▸ **Extracted information**
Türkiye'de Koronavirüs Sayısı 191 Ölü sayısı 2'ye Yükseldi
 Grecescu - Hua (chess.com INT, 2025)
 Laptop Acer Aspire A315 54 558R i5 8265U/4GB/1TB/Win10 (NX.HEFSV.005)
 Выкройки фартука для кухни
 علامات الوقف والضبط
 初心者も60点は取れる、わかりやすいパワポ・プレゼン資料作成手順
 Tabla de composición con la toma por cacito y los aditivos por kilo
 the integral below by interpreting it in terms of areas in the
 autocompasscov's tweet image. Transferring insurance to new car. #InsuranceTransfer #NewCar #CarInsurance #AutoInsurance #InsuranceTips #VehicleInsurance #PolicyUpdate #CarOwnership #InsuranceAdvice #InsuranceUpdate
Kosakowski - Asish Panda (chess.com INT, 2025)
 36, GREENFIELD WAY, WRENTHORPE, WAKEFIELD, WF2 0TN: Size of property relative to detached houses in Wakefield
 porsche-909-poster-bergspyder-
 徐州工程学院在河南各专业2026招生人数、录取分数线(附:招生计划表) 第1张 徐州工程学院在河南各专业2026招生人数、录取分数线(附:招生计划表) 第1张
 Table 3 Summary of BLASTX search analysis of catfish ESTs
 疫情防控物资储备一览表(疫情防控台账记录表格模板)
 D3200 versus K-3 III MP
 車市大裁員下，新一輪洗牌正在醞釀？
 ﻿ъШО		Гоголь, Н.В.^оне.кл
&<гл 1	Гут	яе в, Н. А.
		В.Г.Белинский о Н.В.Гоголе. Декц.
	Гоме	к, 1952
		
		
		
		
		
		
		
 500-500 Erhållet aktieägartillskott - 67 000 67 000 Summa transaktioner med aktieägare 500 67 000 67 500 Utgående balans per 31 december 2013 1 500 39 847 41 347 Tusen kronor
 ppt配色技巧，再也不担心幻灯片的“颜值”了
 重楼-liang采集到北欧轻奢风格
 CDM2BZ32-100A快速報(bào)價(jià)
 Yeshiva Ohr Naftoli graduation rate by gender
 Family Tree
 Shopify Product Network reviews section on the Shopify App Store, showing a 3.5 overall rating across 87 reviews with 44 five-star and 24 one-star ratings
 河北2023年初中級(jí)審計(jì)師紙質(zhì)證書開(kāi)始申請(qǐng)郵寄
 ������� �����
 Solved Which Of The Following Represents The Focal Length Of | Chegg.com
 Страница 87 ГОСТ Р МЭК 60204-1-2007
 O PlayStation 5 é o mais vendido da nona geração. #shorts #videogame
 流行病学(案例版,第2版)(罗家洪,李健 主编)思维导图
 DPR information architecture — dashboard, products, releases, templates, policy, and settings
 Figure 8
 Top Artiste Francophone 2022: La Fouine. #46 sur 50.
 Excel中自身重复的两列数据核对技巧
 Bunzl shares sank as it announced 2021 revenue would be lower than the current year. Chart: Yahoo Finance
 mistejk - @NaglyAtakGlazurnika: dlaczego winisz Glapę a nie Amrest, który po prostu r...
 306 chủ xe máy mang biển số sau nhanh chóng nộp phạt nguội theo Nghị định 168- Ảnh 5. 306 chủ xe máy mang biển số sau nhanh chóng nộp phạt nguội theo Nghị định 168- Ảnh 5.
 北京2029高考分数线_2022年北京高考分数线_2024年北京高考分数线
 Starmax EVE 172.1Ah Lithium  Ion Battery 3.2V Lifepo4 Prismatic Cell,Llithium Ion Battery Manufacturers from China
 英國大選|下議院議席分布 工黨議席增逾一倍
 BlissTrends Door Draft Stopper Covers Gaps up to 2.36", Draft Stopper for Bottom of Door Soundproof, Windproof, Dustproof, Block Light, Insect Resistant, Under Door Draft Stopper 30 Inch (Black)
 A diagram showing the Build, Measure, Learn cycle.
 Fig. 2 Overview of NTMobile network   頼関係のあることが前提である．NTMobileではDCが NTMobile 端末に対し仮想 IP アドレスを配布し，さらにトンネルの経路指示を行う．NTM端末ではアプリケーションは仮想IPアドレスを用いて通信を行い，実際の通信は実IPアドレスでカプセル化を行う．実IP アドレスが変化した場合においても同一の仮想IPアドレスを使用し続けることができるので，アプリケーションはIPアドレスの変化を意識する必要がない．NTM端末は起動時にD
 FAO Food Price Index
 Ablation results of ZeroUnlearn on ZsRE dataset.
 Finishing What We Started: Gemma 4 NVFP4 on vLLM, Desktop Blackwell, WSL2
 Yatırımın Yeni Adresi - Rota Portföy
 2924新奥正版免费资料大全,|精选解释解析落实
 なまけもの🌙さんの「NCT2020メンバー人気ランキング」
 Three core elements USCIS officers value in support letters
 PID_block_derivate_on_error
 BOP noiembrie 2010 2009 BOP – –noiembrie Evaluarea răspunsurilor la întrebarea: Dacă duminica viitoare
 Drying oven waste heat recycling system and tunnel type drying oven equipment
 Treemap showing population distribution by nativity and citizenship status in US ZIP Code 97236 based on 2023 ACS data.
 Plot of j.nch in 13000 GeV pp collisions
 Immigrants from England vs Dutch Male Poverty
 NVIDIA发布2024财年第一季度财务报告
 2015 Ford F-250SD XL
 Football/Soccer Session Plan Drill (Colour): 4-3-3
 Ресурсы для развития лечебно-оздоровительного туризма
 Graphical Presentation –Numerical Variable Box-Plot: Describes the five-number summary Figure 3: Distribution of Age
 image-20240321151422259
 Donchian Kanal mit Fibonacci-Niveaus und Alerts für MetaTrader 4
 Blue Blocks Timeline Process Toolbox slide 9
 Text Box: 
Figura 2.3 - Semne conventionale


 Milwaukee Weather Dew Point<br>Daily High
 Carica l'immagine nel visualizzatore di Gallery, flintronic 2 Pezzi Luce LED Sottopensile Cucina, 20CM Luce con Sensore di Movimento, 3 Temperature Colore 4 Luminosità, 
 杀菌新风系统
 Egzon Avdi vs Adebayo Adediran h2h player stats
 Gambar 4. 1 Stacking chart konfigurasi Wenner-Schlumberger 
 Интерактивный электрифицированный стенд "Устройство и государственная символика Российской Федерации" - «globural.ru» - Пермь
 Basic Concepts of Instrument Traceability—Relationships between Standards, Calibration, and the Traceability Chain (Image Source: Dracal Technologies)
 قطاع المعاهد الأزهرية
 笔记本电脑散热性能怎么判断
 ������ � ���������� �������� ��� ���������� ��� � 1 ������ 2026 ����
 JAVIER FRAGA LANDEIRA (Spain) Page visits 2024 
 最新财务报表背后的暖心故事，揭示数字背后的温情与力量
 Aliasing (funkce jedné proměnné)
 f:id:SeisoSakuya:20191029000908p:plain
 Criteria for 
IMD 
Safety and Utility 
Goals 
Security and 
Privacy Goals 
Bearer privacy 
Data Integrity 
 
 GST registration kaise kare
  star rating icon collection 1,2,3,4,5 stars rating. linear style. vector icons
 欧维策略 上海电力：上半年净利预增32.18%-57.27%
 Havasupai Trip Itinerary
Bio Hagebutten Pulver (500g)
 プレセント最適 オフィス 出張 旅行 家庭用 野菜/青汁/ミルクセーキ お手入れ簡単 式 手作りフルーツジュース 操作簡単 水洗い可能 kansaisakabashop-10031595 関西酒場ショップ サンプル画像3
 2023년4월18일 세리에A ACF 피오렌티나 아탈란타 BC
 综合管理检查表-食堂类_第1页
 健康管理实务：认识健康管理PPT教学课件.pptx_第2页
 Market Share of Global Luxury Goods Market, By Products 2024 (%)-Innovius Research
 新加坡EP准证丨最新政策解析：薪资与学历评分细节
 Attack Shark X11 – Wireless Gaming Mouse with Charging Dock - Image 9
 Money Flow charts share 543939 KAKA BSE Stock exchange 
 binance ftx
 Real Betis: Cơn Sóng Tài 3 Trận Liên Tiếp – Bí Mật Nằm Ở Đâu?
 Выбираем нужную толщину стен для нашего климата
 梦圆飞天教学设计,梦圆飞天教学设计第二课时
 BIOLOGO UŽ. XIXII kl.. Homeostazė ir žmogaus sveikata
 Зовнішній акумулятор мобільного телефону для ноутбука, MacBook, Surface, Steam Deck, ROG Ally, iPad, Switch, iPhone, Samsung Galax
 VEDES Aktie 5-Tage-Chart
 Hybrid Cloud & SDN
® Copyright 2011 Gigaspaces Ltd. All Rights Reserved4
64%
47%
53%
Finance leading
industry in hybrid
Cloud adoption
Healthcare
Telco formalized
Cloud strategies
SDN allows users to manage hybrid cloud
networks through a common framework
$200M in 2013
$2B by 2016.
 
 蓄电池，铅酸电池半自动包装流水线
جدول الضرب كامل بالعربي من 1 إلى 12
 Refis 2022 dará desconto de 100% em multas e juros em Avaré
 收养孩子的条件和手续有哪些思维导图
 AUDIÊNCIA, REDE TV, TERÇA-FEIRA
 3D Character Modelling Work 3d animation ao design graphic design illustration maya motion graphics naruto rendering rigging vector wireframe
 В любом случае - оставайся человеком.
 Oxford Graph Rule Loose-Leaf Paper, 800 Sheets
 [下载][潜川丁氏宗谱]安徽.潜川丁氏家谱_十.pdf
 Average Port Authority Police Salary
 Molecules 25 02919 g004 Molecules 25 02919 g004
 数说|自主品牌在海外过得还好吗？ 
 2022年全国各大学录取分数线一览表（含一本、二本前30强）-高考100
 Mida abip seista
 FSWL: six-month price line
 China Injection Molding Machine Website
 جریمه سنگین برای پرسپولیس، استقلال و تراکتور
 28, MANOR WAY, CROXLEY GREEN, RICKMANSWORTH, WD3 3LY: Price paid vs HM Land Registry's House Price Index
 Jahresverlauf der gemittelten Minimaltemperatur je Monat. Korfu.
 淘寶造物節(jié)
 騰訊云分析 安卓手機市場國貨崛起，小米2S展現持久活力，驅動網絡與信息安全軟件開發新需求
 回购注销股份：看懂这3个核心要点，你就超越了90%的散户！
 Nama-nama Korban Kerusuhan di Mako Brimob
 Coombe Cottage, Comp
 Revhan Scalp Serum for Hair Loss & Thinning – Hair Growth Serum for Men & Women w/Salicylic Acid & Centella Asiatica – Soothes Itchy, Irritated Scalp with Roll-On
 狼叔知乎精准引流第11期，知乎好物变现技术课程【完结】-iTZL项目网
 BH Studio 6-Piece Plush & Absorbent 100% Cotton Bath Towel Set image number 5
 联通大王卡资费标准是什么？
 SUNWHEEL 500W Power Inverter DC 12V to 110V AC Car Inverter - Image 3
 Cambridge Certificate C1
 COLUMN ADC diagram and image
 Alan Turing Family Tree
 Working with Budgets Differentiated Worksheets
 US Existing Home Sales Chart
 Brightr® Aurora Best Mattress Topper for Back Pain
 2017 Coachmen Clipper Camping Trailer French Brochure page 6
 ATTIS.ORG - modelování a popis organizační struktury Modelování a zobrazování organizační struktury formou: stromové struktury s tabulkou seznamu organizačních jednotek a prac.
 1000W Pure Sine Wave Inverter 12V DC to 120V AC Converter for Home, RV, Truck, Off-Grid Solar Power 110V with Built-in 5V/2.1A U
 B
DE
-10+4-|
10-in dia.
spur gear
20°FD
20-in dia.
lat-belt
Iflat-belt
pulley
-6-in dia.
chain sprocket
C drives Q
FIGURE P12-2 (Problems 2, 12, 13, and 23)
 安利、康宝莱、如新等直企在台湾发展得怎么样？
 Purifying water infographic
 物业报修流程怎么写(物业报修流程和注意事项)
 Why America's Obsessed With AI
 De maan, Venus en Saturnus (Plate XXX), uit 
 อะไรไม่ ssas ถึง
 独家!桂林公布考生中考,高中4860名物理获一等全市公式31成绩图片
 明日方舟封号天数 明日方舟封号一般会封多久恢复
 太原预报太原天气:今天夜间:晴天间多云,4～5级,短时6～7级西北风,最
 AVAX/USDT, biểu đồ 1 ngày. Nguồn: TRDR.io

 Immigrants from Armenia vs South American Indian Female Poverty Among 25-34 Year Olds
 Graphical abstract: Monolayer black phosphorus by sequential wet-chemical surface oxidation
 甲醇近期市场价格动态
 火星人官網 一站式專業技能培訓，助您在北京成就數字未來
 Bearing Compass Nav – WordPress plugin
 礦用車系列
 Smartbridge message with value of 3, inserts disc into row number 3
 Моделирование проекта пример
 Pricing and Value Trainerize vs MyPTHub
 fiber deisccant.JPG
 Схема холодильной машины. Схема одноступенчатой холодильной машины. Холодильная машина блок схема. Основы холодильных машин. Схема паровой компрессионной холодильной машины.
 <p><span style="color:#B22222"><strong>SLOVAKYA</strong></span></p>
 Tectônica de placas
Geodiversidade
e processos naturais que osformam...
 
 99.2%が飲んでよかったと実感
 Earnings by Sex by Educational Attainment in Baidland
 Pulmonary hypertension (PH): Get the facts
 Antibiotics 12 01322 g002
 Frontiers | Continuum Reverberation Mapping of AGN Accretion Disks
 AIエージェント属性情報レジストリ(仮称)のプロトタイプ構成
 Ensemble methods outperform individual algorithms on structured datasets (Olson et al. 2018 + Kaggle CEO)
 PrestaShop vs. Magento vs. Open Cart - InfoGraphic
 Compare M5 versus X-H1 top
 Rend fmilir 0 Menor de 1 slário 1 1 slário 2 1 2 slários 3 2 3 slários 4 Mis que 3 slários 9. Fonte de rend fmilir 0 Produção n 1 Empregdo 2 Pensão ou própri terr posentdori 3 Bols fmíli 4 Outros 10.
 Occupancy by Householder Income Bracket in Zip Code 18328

▸ **Exercise goal**
Once the line with "the integral below" is found in the records above, print exactly that line and every line after it through the line with "Kosakowski - Asish".

▸ **Output**
 the integral below by interpreting it in terms of areas in the
 autocompasscov's tweet image. Transferring insurance to new car. #InsuranceTransfer #NewCar #CarInsurance #AutoInsurance #InsuranceTips #VehicleInsurance #PolicyUpdate #CarOwnership #InsuranceAdvice #InsuranceUpdate
Kosakowski - Asish Panda (chess.com INT, 2025)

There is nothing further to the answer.